Milano’dan sonra İstanbul ve diğer dünya şehirlerini gezecek sergi kapsamında, Türk ve yabancı tasarımcılardan Anadolu mermerinin, mimarinin farklı platformlarında yenilikçi kullanımına referans oluşturacak eserler tasarlamaları istendi. Sanatçılar hayat yolculuğunda yaşadığımız duygusal süreçleri tasarımlarıyla görselleştirdi. Mermerin “hikâye anlatıcı” rolünü üstlendiği sergi, Milano sonrasında ise 2014 yılına kadar, başta İstanbul olmak üzere diğer dünya şehirlerinde adından söz ettirecek. Sergilenecek olan eserlerin her biri bir hikâye anlatıyor: Örneğin, Berlin’de yaşayan mimar ve tasarımcı Werner Aisslinger’a ait ‘Mermer Kameriye’ floral formların mermer ile tekrar yorumlanması ile alternatif bir gizli bahçe ortamını oluşturuyor.

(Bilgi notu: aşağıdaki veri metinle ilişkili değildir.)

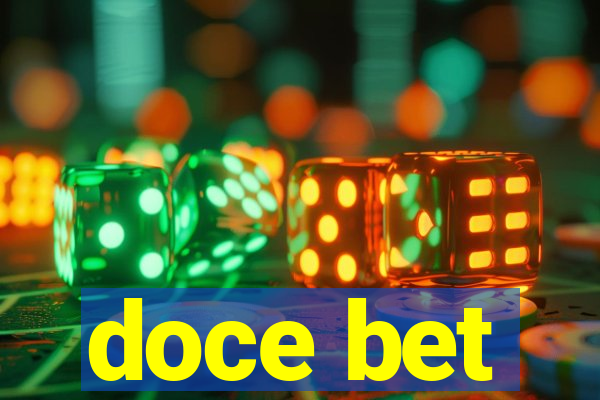 doce bet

Tanınmış Hollandalı tasarımcı Richard Hutten, ziyaretçileri, düş gücünden hareketle yaşamı yeniden yorumlayan polikromik mermerlerle kaplanarak yaratılmış sanat eserinin içerisinde gezinti yapmaya davet ediyor. İspanyol ikili El Ultimo Grito’nun (Rosario Hurtado ve Roberto Feo) tasarımı ise ziyaretçilerin hafif eğimli mermer üzerinde oturabileceği, uzanabileceği bir topoğrafya yaratarak, herhangi bir ufuk sınırı tanımlamadan bir peyzaj oluşturuyor.